Œuvre

Airelles

Le sourire sur les lèvres du vieillard, ainsi que les rayons du soleil couchant, pénètre l'âme d'une émotion douce et triste: c'est encore un rayon, c'est encore un sourire, mais ils peuvent être les derniers.
C'est surtout dans les combats que les passions nous livrent qu'il est juste de dire: Voe victis!
Le plus coupable des excès de la liberté est de se nuire à elle-même.
Résistons sans crainte à l'opinion du monde, pourvu toutefois que notre respect pour nous-même croisse en proportion de notre indifférence pour elle.
Si l'on mettait toujours à comprendre le temps que l'on met à paraître avoir compris, et à écouter le temps où l'on ne songe qu'à répondre, tout le monde n'y trouverait-il pas son compte ?
Notre vanité est sans cesse l'ennemie de notre amour-propre.
L'amour élève parfois, crée des qualités nouvelles, suspend les penchants coupables ; mais ce n'est que pour un jour. Il est alors comme les monarques de l'Orient dont un regard tire l'esclave de sa poussière et l'y laisse retomber.
Nous ne voyons que dans le passé et nous regardons toujours dans l'avenir.
A force d'agir comme on devait penser, on finit par penser comme on doit agir.
Les âmes froides ne se quittent jamais ; les âmes passionnées se quittent et se reprennent faute de mieux.
La chrysalide est l'image du vieillard. Il végète, il est engourdi, mais il vivra ! et c'est pendant ce sommeil et cette impassibilité passagère que se forment les ailes qui le porteront à l'immortalité.
Les coeurs aimants sont comme les indigents : ils vivent de ce qu'on leur donne.
La plus dangereuse des flatteries est l'infériorité de ce qui nous entoure.
Avoir des idées, c'est cueillir des fleurs ; - penser, c'est en tresser des couronnes.
Nous estimons la vertu dans les autres par les fruits qu'elle porte, en nous-même par les sacrifices qu'elle nous fait accomplir.

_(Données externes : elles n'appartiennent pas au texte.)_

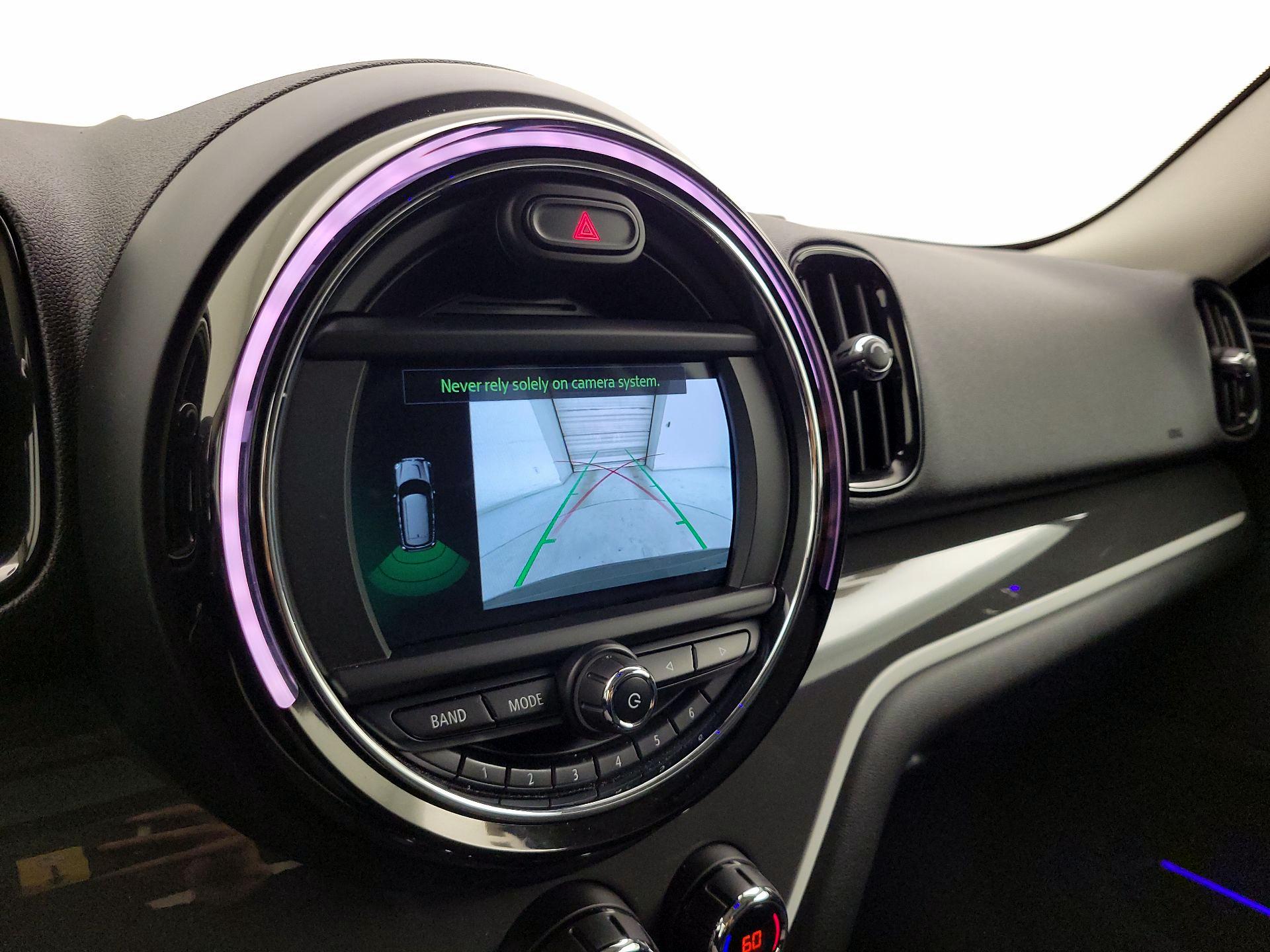 Thumbnail: 2018 MINI Cooper Countryman - 14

La véritable douleur est presque aussi difficile à découvrir que la vraie misère. Une pudeur instinctive couvre les haillons de l'une et les blessures de l'autre.
Celui qui pour donner ne s'est point imposé de privations, n'a fait qu'effleurer les joies de la charité. Nous devons notre superflu, et le bonheur dans le devoir, c'est d'en dépasser les limites.
Il est des coupables dont la justification n'est nulle part, et l'excuse partout.
La vie n'est-elle pas utile si elle est heureuse ? dit l'égoïste. N'est-elle pas assez heureuse si elle est utile ? dit l'homme de bien.
Chimère pour chimère, comment la perfection n'est-elle pas celle de tous les hommes ?
La prière, dit saint Jérôme, est un gémissement. Ah ! nos gémissements sont aussi des prières ! Le cri de la douleur est par lui-même un appel involontaire à cette force invisible dont notre âme invoque l'appui.
La force seule connaît le combat ; la faiblesse est au-dessous de la défaite même : elle est née vaincue.
Ce n'est que par la juste appréciation des choses qu'on arrive à les posséder tranquillement ou à se consoler de ne les posséder pas.
Le monde n'accorde quelque compassion qu'aux peines positives. Il consent à plaindre ce que vous perdez, jamais ce qui vous manque.
C'est seulement dans le ciel que les anges ont autant d'esprit que les démons.